DECADES FROM NOW, when historians and epidemiologists look back at the Covid era, they’ll probably have a hard time pinpointing the exact moment the pandemic came to an end in America and normal life resumed. Some will probably point to the day in August 2021 when the vaccination rate hit 70 percent, while others will spotlight April 2022, when airlines dropped their mask mandate, or even Joe Biden’s 60 Minutes interview a few months later when he bluntly declared the pandemic over despite protests from members of his own administration. Others still might say that moment is still to come.

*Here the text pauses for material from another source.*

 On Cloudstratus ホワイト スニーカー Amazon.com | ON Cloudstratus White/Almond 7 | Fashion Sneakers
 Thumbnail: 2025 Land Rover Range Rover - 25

From another perspective, though, there’s a strong case to be made that it happened on Feb. 1 at 8:01 p.m. EST, when Bruce Springsteen and the E Street Band walked onstage at Tampa, Florida’s Amalie Arena and kicked off their world tour with a thunderous rendition of “No Surrender” in front of 20,000 screaming, maskless fans.
This moment followed six painfully long years of E Street Band inactivity — including multiple tour delays due to Covid concerns — and a torrent of outrage over Springsteen’s decision to dramatically raise ticket prices this time around. “I know it was unpopular with some fans,” Springsteen told Rolling Stone late last year, in his only remarks to date on the controversy. “But if there’s any complaints on the way out, you can have your money back.”

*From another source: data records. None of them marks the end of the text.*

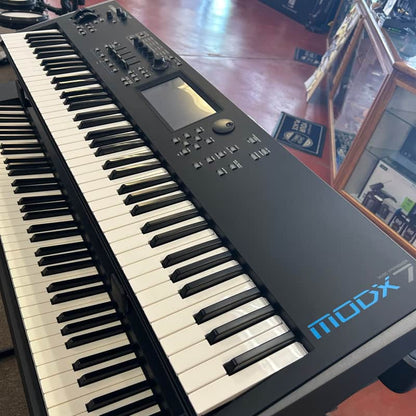 USED Yamaha MODX7 Synthesizer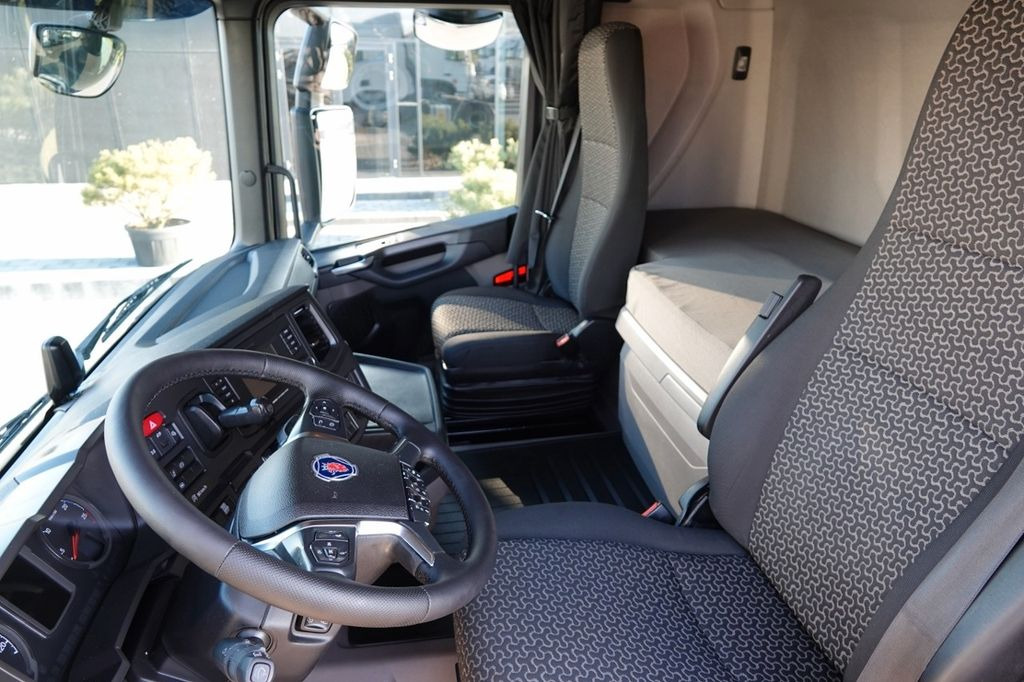 Interior photo 1: Tractor unit Scania R 450 / RETARDER / HYDRAULIKA / PO KONTRAKCIE SE Scania R 450 / RETARDER / HYDRAULIKA / PO KONTRAKCIE SE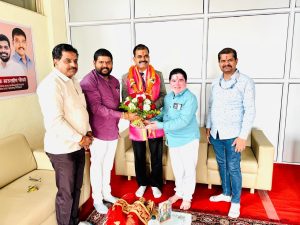 चांदवड येथे नाशिक धर्मादाय सहआयुक्त विवेकजी सोनुने यांची सदिच्छा भेट.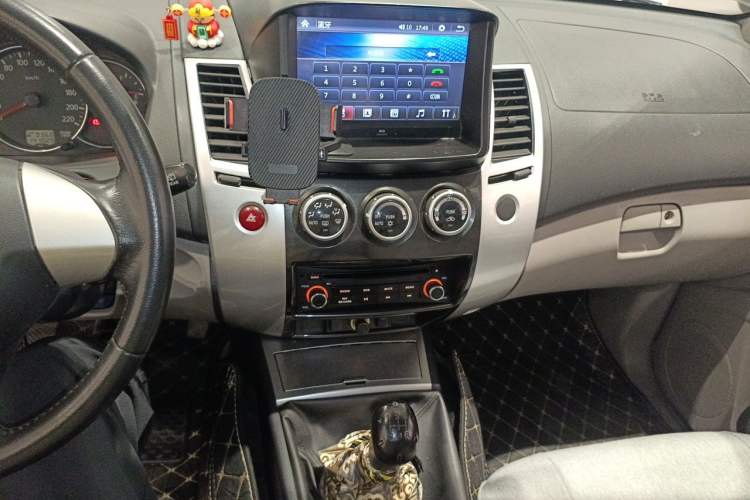 Used Mitsubishi Pajero Sport 2013 2.4L Manual Two-Wheel Drive Comfort Edition Audio And AC Panel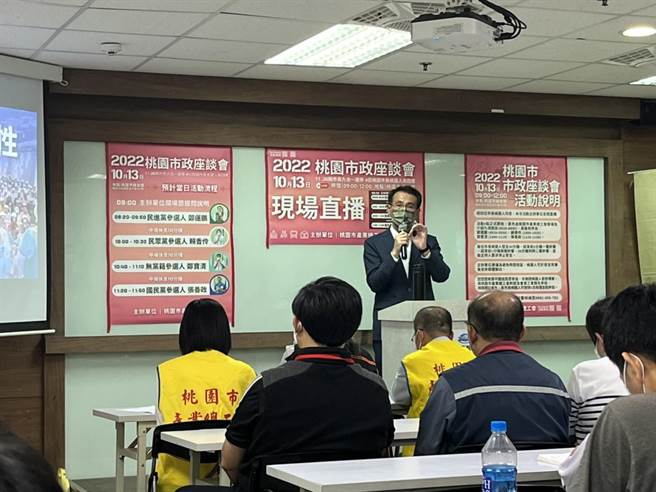 民進黨桃園市長參選人鄭運鵬提出「保障勞工長任9用」政策。（陳夢茹攝）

Nobody in Tampa seemed headed toward the refund line as “No Surrender” segued into “Ghosts” from 2020’s Letter to You. By this point, any fears the E Street Band might need a few shows to shake off six years of rust were gone. They were locked in tight, beaming with joy, and feeding off the frenzied atmosphere in the crowd.
It was also a slightly different incarnation of the band that now features four backup singers (Curtis King, Michelle Moore, Lisa Lowell, Ada Dyer), a five-piece horn section (Curt Ramm, Barry Danielian, Eddie Manion, Ozzie Melendez, Jake Clemons), and percussionist Anthony Almonte in addition to the usual crew of Soozie Tyrell, Charlie Giordano, Steve Van Zandt, Nils Lofgren, Garry Tallent, Roy Bittan, Patti Scialfa, and Max Weinberg.

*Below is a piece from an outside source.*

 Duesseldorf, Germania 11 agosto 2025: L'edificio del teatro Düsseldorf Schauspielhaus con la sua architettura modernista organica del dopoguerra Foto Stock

An 18-piece band might seem like overkill considering the original E Street Band got along fine with a mere five musicians, but this show covers a lot of musical ground, including selections from Springsteen’s 2022 soul covers LP Only the Strong Survive, and nobody felt superfluous. This was especially true on “Kitty’s Back,” when Springsteen gave nearly everyone in the band a little moment to shine. A couple of songs later, he invited the background singers to the front to lock voices with him on “Nightshift,” a 1985 Commodores classic that was one of the surprise highlights of the evening.
The long layoff made even E Street standards like “The Promised Land,” “Out in the Street,” and “Prove It All Night” sound fresh and vital again, while the dark Nebraska deep cut “Johnny 99” was transformed into an arena anthem. But the most emotional moment came midway through the night, when the entire band left the stage, leaving Springsteen alone with his acoustic guitar.
Addressing the crowd for the first time in the evening, he told the story of forming his first band, the Castiles, with childhood buddy George Theiss. “Cut forward 50 years,” he said. “On another summer day, I found myself standing at the side of George’s deathbed…His passing would leave me as the last living member of my first band. That’s kind of like standing on tracks with the hot light of an oncoming train barreling down on you. It brings a clarity of thought and a purpose that you might not previously have thought of.”
He continued his story: “I went home and, about a week later, George passed away. Shortly after that, I wrote this song. It’s about the job we choose, the friends we choose, the passion we followed as children. At 15, it’s all tomorrows. At 73, a lot of yesterdays. A lot of goodbyes. That’s why you gotta make the most of right now.”